■ Source material ■
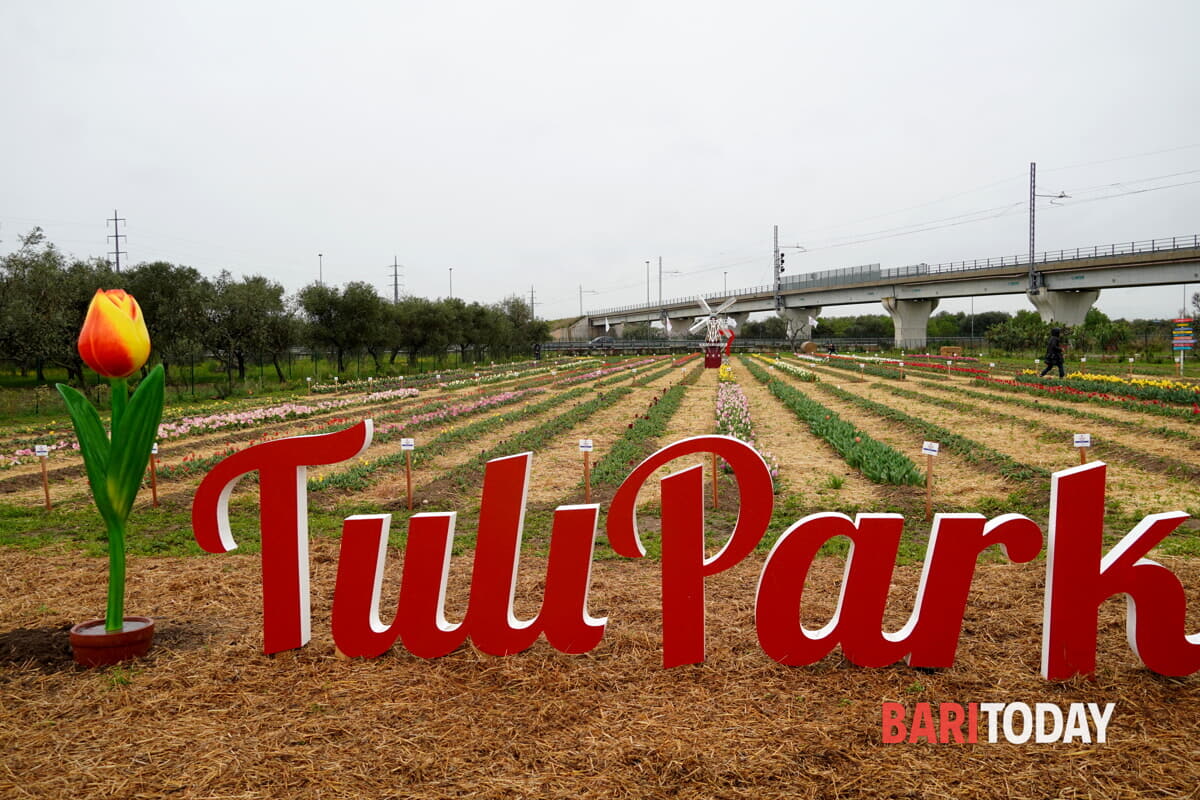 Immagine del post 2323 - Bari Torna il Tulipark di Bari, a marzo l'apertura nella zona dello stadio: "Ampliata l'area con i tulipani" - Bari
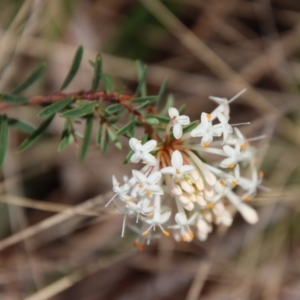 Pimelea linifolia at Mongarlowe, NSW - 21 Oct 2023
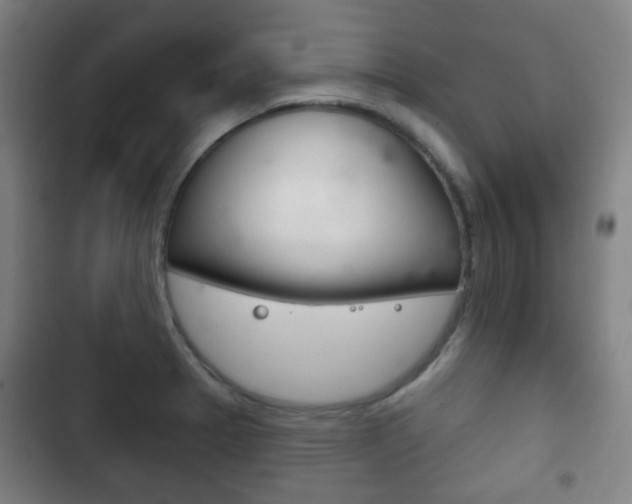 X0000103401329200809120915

* * *

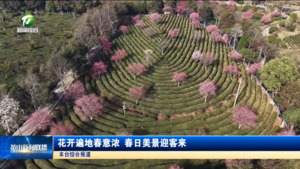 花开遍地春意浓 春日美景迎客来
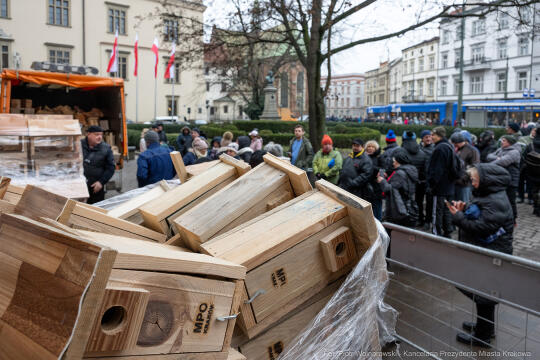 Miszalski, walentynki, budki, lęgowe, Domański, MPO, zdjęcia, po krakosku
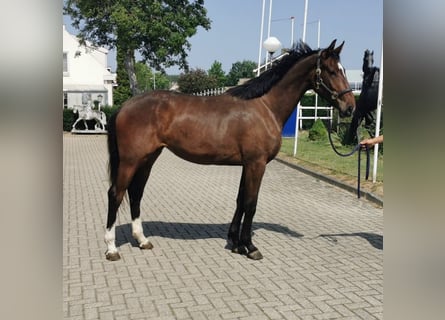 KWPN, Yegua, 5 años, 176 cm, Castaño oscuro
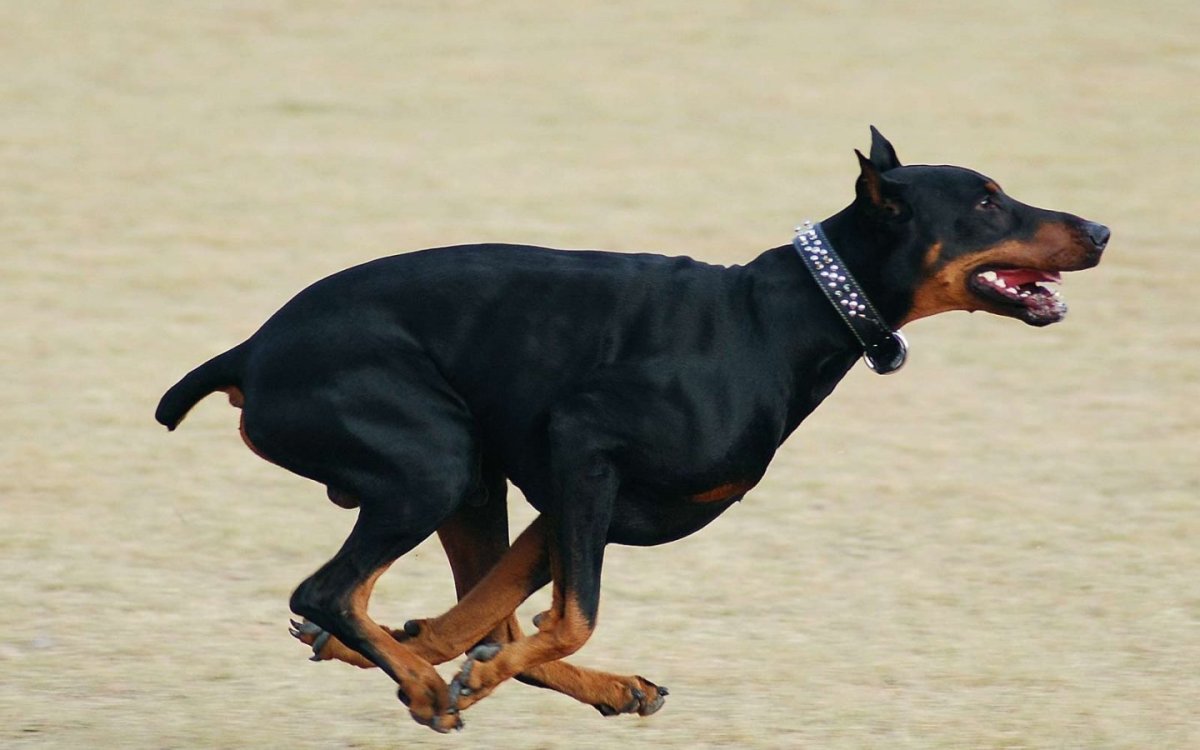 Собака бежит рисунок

■ Task statement ■
Please transcribe exactly the part of the records that opens with the line containing "Immagine del post" and closes with the line containing "X0000103401329200809120915", both ends included, and leave out the pictures.

■ Task output ■
 Immagine del post 2323 - Bari Torna il Tulipark di Bari, a marzo l'apertura nella zona dello stadio: "Ampliata l'area con i tulipani" - Bari
 Pimelea linifolia at Mongarlowe, NSW - 21 Oct 2023
 X0000103401329200809120915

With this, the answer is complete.